Copy all lines holding the word "Forest" from the entries.

==*==

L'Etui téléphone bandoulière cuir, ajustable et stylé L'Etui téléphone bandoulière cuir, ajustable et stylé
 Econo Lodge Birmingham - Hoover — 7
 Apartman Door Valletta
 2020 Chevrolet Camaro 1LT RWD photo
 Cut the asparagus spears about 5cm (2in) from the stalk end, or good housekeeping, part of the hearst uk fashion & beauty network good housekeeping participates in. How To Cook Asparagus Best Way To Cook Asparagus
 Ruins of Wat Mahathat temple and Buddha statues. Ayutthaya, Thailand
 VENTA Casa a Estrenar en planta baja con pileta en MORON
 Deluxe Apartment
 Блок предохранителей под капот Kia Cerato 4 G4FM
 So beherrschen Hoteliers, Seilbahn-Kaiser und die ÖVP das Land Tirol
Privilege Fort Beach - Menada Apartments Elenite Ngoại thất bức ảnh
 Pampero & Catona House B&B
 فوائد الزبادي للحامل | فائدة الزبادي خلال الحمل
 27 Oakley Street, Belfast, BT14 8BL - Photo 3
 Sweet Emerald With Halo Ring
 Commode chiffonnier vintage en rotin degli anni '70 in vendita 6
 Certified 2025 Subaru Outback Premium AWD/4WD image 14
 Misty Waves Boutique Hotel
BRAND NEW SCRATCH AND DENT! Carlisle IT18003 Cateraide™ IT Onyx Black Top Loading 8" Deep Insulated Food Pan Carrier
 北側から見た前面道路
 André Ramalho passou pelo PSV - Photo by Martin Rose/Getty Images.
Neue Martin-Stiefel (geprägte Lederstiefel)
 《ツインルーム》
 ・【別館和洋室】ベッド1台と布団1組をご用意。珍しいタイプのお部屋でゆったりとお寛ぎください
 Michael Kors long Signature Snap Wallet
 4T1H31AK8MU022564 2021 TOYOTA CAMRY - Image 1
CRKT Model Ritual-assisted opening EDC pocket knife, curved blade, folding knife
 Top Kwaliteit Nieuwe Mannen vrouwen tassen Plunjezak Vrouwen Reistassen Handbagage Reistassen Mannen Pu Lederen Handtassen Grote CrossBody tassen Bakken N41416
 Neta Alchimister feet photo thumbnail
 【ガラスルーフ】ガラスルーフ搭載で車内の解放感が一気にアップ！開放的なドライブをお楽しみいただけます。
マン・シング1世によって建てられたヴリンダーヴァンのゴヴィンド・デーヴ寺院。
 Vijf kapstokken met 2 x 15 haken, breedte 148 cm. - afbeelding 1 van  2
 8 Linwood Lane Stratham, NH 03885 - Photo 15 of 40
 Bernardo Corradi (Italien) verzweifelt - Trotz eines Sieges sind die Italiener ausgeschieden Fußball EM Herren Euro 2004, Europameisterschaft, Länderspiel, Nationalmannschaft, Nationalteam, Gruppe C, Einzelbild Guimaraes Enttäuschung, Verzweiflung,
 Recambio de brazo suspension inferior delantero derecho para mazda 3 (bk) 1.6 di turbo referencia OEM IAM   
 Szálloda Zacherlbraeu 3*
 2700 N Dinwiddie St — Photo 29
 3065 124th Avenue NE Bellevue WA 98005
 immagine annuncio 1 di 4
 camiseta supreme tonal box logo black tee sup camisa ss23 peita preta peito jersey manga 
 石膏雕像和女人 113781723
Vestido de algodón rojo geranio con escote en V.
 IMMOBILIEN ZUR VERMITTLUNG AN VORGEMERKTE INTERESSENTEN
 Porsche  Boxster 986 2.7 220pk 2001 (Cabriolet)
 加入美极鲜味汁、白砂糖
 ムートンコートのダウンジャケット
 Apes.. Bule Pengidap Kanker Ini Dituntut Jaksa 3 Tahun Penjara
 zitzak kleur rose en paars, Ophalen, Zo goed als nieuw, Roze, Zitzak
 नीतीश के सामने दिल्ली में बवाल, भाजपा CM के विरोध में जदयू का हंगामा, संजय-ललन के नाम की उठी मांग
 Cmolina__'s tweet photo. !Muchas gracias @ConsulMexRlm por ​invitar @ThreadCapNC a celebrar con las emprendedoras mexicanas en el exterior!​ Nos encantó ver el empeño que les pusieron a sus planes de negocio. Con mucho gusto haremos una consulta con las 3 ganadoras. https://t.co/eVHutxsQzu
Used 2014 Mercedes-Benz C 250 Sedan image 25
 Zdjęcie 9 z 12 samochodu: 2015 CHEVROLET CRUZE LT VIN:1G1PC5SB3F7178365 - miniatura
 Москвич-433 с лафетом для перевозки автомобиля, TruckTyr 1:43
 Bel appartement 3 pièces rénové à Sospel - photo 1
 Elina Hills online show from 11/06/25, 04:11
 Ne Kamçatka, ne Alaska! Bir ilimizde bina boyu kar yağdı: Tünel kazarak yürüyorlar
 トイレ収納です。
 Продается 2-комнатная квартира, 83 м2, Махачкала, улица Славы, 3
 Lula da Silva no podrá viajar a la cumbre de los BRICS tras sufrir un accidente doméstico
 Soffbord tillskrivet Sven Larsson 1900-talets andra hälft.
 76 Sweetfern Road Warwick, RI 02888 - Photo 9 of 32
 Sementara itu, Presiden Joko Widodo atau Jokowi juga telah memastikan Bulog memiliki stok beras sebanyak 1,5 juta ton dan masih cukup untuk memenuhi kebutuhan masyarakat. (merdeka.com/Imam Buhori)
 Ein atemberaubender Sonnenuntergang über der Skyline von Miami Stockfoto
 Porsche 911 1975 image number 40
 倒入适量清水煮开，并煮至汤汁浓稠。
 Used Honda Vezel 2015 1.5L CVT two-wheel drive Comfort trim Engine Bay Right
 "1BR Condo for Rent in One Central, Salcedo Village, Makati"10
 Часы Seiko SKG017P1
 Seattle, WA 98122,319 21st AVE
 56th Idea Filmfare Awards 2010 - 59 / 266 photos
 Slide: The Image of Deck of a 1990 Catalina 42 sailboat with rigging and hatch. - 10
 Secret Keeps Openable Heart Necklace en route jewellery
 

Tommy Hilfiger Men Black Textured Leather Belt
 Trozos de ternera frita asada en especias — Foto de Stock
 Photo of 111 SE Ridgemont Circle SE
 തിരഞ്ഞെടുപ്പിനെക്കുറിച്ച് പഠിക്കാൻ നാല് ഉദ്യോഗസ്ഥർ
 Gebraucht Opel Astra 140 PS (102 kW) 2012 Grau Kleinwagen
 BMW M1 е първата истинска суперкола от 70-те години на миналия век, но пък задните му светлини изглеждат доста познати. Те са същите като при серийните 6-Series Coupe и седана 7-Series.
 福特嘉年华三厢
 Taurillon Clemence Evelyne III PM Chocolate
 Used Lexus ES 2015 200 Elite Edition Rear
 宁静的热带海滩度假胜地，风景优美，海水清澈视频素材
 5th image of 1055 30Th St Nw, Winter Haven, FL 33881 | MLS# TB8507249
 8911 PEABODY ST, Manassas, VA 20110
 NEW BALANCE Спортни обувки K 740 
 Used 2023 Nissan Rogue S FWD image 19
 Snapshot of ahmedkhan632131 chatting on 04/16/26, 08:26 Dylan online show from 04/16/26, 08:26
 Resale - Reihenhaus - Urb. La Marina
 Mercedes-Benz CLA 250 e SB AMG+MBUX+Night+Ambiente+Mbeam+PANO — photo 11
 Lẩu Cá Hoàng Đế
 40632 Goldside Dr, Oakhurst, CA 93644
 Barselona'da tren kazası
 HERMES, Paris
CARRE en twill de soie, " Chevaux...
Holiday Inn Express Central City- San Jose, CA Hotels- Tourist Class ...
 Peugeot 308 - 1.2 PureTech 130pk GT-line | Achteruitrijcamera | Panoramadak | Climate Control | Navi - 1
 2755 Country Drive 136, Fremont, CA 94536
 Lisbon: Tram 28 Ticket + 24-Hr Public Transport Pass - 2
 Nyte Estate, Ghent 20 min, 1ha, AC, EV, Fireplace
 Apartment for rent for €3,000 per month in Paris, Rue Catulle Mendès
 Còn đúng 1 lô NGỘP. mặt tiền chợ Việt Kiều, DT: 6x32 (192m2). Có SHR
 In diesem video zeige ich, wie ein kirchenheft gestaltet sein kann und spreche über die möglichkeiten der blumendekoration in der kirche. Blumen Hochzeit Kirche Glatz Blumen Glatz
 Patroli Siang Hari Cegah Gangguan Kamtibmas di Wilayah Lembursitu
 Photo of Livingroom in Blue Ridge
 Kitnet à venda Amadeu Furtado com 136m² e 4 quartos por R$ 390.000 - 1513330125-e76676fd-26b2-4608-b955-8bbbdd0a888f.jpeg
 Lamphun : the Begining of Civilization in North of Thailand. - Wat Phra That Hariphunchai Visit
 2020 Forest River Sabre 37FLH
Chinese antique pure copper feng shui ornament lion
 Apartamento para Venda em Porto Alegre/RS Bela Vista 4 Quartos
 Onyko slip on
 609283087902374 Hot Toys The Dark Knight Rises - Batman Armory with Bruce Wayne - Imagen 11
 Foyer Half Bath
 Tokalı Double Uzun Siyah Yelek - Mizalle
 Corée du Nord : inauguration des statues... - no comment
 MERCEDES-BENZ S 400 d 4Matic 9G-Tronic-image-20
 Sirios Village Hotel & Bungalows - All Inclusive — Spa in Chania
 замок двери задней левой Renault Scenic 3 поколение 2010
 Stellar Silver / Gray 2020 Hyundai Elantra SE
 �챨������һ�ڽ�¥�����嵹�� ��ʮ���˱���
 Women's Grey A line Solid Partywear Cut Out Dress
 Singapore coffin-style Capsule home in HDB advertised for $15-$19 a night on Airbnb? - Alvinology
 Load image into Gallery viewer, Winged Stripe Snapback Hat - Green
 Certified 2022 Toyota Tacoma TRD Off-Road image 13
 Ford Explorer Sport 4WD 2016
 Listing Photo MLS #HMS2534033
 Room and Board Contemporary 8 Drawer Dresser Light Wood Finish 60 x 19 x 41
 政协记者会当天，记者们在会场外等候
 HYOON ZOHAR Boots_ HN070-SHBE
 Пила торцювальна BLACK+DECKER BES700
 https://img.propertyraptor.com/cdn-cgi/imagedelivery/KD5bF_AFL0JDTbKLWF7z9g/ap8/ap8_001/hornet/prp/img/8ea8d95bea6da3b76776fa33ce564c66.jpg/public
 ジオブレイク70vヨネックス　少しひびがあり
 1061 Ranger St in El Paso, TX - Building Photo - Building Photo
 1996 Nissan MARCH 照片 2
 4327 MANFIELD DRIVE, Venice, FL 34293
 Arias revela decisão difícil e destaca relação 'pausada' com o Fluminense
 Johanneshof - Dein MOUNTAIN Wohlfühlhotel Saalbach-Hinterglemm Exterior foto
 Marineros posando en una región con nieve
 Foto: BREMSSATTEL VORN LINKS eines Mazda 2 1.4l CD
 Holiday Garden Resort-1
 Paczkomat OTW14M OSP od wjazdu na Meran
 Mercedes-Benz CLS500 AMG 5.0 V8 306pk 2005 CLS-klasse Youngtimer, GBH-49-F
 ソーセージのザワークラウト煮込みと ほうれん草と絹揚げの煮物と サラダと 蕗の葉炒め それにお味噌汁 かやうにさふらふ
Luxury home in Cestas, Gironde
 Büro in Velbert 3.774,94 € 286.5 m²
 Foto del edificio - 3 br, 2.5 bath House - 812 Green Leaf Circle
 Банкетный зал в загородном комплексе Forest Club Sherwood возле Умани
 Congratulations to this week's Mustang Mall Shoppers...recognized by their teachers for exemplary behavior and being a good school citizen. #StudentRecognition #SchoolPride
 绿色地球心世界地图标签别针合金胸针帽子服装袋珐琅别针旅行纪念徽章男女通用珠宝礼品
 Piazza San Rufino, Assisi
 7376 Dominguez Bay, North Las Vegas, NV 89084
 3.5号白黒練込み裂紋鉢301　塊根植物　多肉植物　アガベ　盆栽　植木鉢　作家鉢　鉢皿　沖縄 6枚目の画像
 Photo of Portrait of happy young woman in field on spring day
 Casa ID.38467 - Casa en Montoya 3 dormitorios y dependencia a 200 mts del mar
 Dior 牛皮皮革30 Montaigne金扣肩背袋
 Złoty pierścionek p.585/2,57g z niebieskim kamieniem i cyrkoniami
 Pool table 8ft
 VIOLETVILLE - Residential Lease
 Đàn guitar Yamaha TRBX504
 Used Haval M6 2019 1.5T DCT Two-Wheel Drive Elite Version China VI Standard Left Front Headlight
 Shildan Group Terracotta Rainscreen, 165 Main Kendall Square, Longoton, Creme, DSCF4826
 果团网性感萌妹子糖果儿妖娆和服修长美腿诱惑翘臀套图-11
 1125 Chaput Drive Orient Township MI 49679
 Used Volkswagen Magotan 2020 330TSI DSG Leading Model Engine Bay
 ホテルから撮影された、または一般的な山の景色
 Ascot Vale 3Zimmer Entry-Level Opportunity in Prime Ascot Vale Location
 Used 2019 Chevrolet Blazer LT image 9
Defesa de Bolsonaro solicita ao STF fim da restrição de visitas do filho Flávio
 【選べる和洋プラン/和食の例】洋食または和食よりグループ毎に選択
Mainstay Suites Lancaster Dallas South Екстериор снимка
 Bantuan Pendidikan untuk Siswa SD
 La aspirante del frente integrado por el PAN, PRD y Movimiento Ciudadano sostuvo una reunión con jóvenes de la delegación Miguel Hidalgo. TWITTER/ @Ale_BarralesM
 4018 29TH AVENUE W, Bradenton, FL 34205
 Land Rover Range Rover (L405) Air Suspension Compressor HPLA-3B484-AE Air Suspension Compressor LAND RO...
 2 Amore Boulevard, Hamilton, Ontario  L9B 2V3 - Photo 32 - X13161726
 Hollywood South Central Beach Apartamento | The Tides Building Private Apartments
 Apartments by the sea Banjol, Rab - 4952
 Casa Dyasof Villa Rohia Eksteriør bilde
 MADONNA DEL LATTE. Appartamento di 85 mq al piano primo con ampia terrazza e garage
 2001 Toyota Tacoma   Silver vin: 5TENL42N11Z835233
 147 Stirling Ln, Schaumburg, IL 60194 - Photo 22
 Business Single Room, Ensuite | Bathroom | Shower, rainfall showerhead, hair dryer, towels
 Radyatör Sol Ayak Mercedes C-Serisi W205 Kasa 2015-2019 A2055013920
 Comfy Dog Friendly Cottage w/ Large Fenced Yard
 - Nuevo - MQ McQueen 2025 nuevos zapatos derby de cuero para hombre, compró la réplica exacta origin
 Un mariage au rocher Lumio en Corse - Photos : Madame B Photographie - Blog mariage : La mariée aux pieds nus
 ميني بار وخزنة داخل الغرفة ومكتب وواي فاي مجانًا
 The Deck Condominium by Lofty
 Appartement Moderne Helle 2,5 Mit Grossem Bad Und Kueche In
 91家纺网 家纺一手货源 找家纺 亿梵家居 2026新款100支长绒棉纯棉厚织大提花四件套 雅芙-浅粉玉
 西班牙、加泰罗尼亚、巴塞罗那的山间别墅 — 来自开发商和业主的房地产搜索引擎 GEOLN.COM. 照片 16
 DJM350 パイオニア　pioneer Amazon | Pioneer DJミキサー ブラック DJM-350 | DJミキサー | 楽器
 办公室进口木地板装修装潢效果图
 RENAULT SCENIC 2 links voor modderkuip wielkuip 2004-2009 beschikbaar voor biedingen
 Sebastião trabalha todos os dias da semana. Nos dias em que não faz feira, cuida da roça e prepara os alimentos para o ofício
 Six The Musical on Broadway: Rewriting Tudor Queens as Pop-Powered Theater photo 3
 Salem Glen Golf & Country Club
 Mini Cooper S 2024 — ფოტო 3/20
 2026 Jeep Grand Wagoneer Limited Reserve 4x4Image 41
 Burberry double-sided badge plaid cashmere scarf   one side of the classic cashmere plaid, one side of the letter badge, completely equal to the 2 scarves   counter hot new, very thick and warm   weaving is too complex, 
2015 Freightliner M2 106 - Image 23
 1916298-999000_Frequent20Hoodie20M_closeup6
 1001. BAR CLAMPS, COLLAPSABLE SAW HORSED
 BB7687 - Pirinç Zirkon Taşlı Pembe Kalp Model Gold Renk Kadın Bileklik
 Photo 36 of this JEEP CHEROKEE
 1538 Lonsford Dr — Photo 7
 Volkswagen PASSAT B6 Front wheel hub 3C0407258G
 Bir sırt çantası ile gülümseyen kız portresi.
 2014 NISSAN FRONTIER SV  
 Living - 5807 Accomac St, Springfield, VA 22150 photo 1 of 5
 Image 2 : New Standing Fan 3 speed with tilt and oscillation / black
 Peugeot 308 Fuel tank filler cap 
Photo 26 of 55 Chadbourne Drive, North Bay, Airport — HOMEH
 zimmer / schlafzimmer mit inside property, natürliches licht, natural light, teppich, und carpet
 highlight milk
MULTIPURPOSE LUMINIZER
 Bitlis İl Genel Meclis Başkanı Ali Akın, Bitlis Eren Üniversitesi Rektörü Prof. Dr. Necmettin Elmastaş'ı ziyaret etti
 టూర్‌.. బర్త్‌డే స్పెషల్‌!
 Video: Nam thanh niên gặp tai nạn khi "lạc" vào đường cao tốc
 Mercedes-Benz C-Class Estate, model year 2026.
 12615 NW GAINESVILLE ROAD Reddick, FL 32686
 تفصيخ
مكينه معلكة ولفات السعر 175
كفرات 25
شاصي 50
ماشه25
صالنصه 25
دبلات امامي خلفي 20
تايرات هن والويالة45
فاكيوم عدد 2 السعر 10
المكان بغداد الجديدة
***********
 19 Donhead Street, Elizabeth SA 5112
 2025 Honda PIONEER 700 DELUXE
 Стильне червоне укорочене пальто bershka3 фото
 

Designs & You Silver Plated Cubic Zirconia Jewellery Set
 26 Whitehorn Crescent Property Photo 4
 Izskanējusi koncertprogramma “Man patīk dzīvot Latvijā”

==*==

EXERCISE SOLUTION
 2020 Forest River Sabre 37FLH
 Банкетный зал в загородном комплексе Forest Club Sherwood возле Умани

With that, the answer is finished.